Alla fine della vita, lo stile di condotta che avremo tenuto ci tornerà incontro per benedire o condannare noi stessi e le persone che abbiamo avuto al nostro fianco

Era la notte di Natale. L’ospedale nel quale lavoravo era semivuoto. Nei reparti, i segni della nascita del Salvatore tentavano di portare un po’ di gioia ai pazienti e al personale. In un letto, lentamente, si andava spegnendo un uomo, non molto anziano, ricco, colto. Una persona in vista. La spietata lotta con sorella morte era iniziata il giorno prima. Una lotta impari che, come tutti sapevamo, non gli avrebbe lasciato scampo.

L’ammalato, in uno stato soporoso, smaniava. Faceva freddo, fuori pioveva, ma lui scottava, sudava. Fu una notte terribile. Una di quelle notti che ti restano appiccicate addosso, si imprimono nella memoria, ti scavano dentro.
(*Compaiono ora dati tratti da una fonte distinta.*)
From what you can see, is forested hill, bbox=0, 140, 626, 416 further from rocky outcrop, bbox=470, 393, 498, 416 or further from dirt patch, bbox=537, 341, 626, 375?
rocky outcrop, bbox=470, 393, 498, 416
Una di quelle notti in cui senti con chiarezza che Dio ti parla, ti forgia, ti plasma. Il dottore Esposito – lo chiamerò così – stava consumando le sue ultime ore. Accostammo, a destra e sinistra del suo giaciglio, due letti vuoti, per permettergli di muoversi senza problemi.

Come spesso mi accadeva, fissavo quella terribile scena di guerra e di pace mentre mi chiedevo: « Che cos’è la vita? Che cos’è la morte?». Alle prime ore dell’alba, il paziente rese la sua anima a Dio. Il giorno dopo i quotidiani traboccavano di necrologi. Dolore, cordoglio, ricordi, condoglianze. Commovente.
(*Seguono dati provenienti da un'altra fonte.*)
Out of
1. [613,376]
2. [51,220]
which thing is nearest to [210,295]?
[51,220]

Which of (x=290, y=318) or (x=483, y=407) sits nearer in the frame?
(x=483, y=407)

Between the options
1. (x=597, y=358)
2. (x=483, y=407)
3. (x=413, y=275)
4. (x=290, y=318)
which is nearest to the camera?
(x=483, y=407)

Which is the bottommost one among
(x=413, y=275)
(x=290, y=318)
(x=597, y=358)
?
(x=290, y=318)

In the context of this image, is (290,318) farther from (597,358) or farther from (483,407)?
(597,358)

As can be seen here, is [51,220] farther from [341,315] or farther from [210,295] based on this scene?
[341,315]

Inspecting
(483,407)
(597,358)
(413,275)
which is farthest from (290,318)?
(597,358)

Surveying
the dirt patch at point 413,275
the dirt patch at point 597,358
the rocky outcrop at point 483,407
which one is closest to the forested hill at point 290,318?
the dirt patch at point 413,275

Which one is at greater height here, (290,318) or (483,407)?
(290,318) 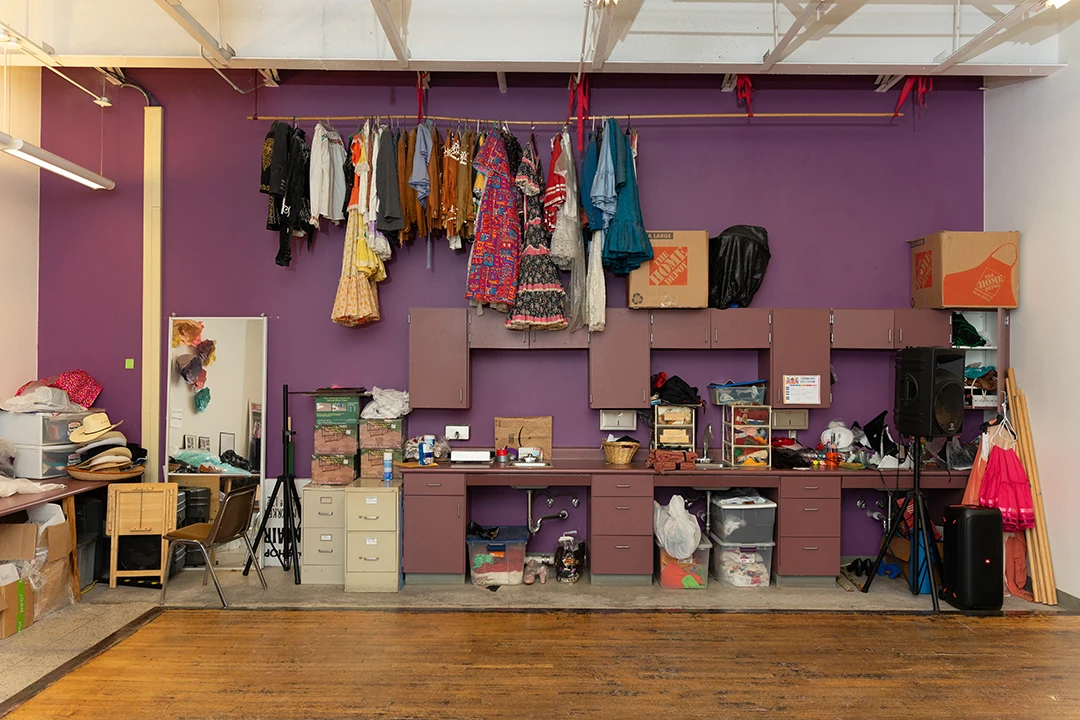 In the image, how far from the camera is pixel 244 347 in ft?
18.6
Quando l’uomo si cala nei panni di chi arranca nel dolore e nel bisogno viene “promosso a uomo” scrive don Mazzolari. Nei giorni seguenti non potevo fare a meno di riflettere sulle ore più terribili e importanti della nostra esistenza, quando “vita e morte si affrontano in prodigioso duello”.

Non so per quali misteriosi ingranaggi della mente mi ritorna alla memoria quella fredda notte di Natale di tanti anni fa, leggendo della morte di Bernard Madoff, spentosi a 82 anni in un carcere in North Carolina. Avrebbe dovuto scontare, questo ex finanziere capace di aver realizzato una delle truffe più colossali della storia americana, 150 anni di carcere. Centocinquat’anni! Verrebbe quasi da ridere.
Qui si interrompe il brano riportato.